Goal of the exercise
Reproduce every line of the data, exactly and without its pictures.
=== Section Start ===
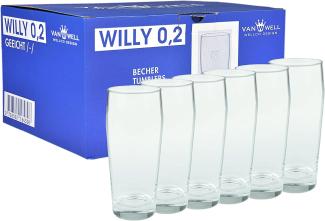 6er Set Bierglas Willibecher 0,2L geeicht Glas Biergläser Tumbler perfekt geeignet für Gastronomie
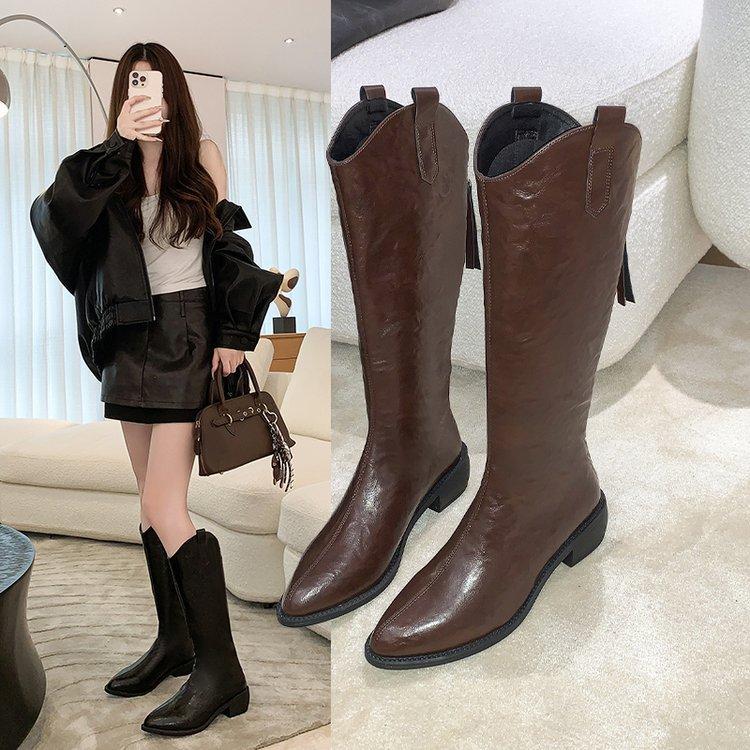 Pointed boots women's 2025 autumn new thick heel retro knight boots western thin boots autumn single boots women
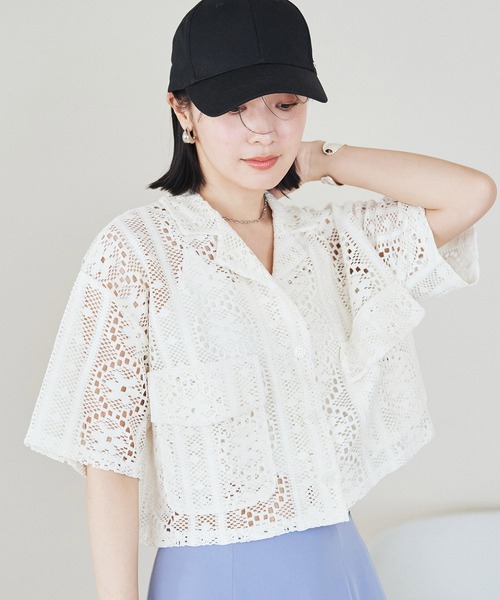 VIS（ビス）の「クロシェ開襟シャツカーディガン（カーディガン/ボレロ・レディース・ブラック/ホワイト系その他5・FREE）」の12枚目の写真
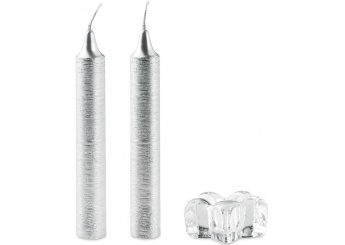 Set de 2 velas com suporte de vidro ANTIQUE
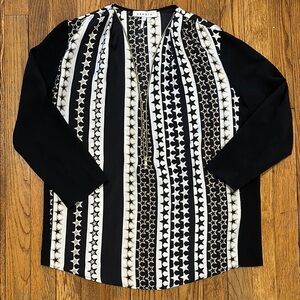 Sandro 100% silk black white star print zip blouse spring 2 38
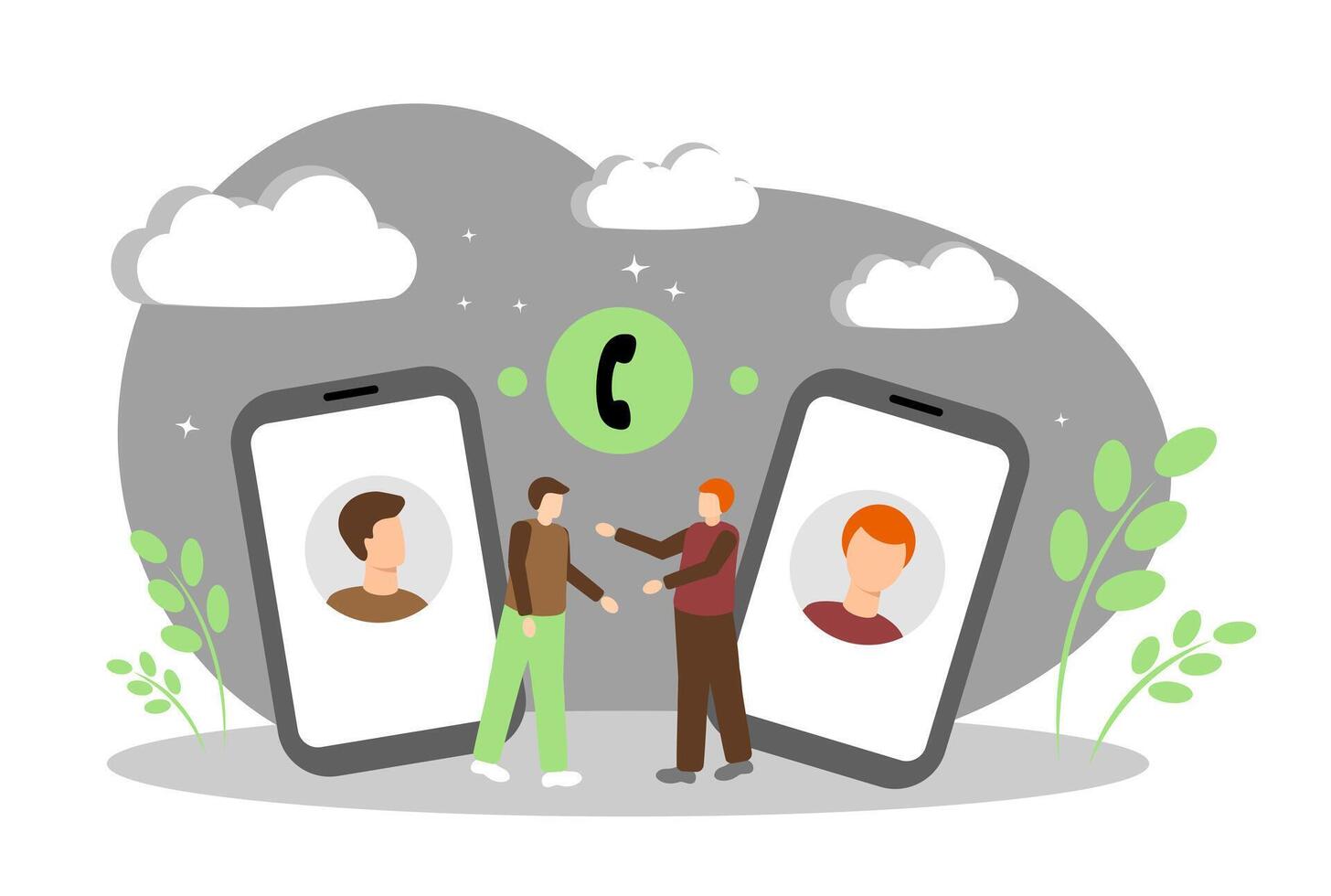 call, conference, business discussion, online meeting. Men talking on the phone vector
=== Section End ===
Answer
 6er Set Bierglas Willibecher 0,2L geeicht Glas Biergläser Tumbler perfekt geeignet für Gastronomie
 Pointed boots women's 2025 autumn new thick heel retro knight boots western thin boots autumn single boots women
 VIS（ビス）の「クロシェ開襟シャツカーディガン（カーディガン/ボレロ・レディース・ブラック/ホワイト系その他5・FREE）」の12枚目の写真
 Set de 2 velas com suporte de vidro ANTIQUE
 Sandro 100% silk black white star print zip blouse spring 2 38
 call, conference, business discussion, online meeting. Men talking on the phone vector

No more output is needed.